I have a Spring based Web App which I would like to implement a Single Sign On solution on.

我有一个基于 Spring 的 Web 应用程序，我想在它上面实现单点登录解决方案。

The basic flow would be:

基本流程是：

1) User logs in into Windows Workstation/Desktop PC (authenticating against organisation's Active Directory)

1) 用户登录到 Windows Workstation/Desktop PC（根据组织的 Active Directory 进行身份验证）

2) User opens browser and navigates to Spring Web App.

2) 用户打开浏览器并导航到 Spring Web App。

3) Spring Web App somehowconfirms that the user is already authenticated against AD and seamlessly lets them in. i.e. no challenge for username and password. Infact, the Spring web app would NEVER show a login form.

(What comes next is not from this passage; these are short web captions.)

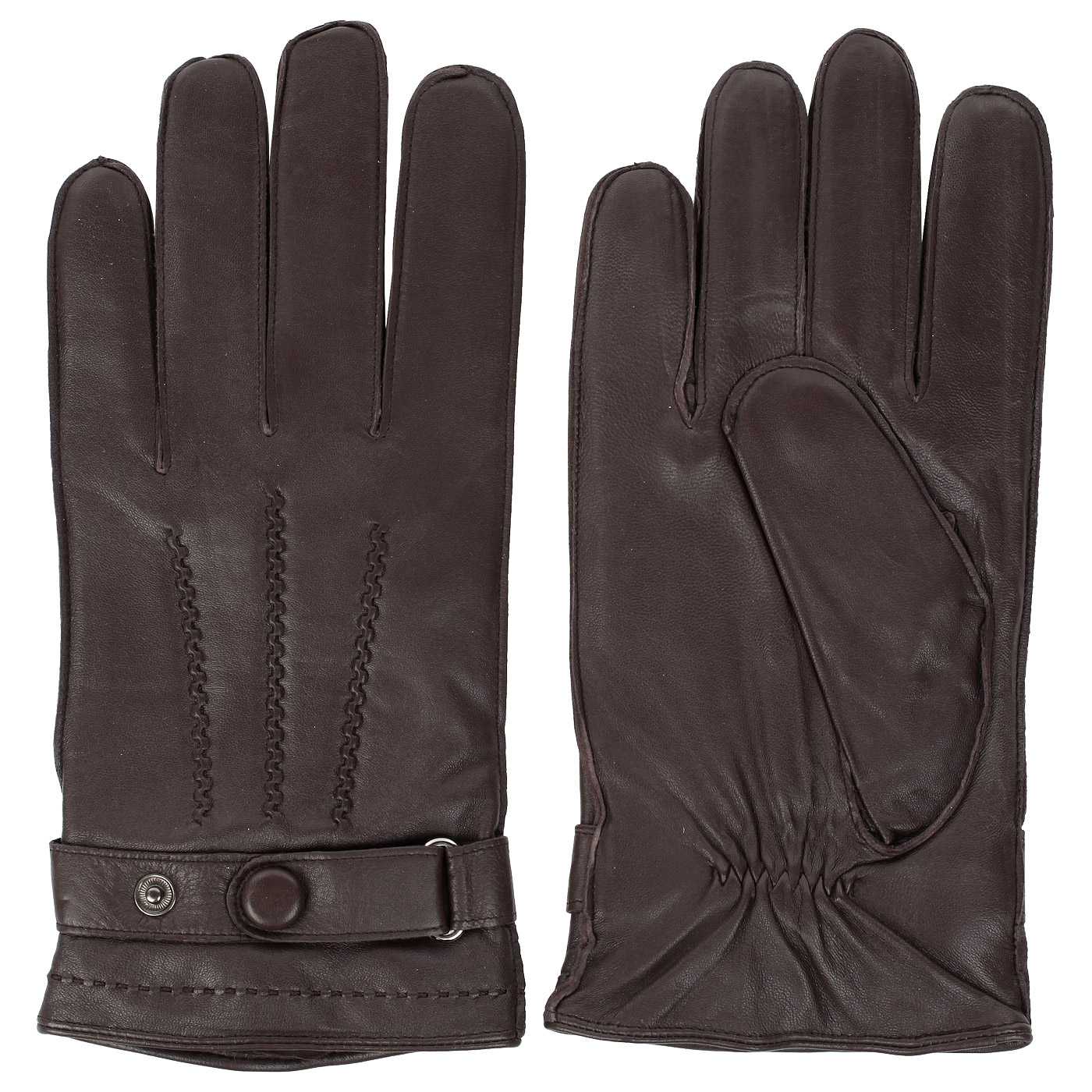 Мужские кожаные перчатки Stevens 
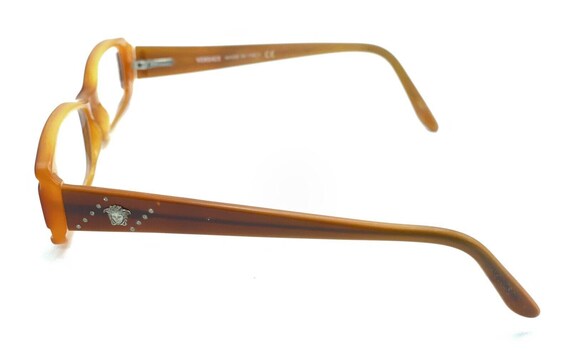 Versace MOD 543 Orange Brown Rectangle Eyeglasses… - image 7
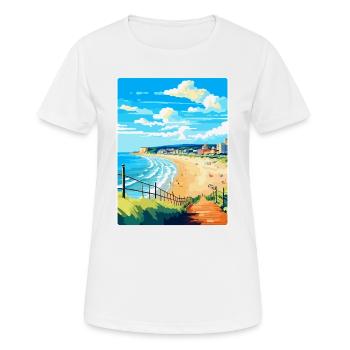 Bournemouth Dorset Vintage Travel Poster Souvenir - Women's Breathable T-Shirt - white - Front - AI Model Female 172 dark (172cm)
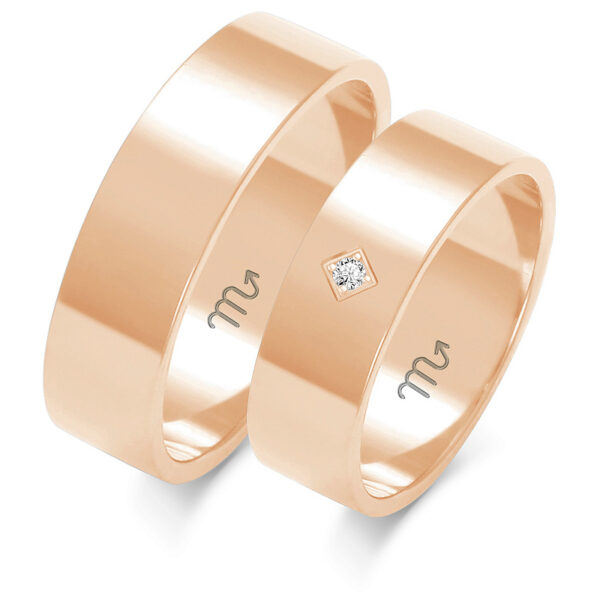 Klasyczne Obrączki Płaskie 6mm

3) Spring Web App以某种方式确认用户已经通过 AD 身份验证并无缝地让他们进入。即没有对用户名和密码的挑战。事实上，Spring Web 应用程序永远不会显示登录表单。

Obviously it's step 3 I am having trouble with.

显然，这是我遇到的问题的第 3 步。

I have looked at Spring Security, Kerberos, SPNEGO but I think I've just confused myself.

我看过 Spring Security、Kerberos、SPNEGO，但我想我只是把自己弄糊涂了。

If it makes a difference I am using Java 6, running on Jetty with Spring 3. The Jetty instance will be running on a *Nix machine.

如果它有所不同，我将使用 Java 6，在 Spring 3 的 Jetty 上运行。Jetty 实例将在 *Nix 机器上运行。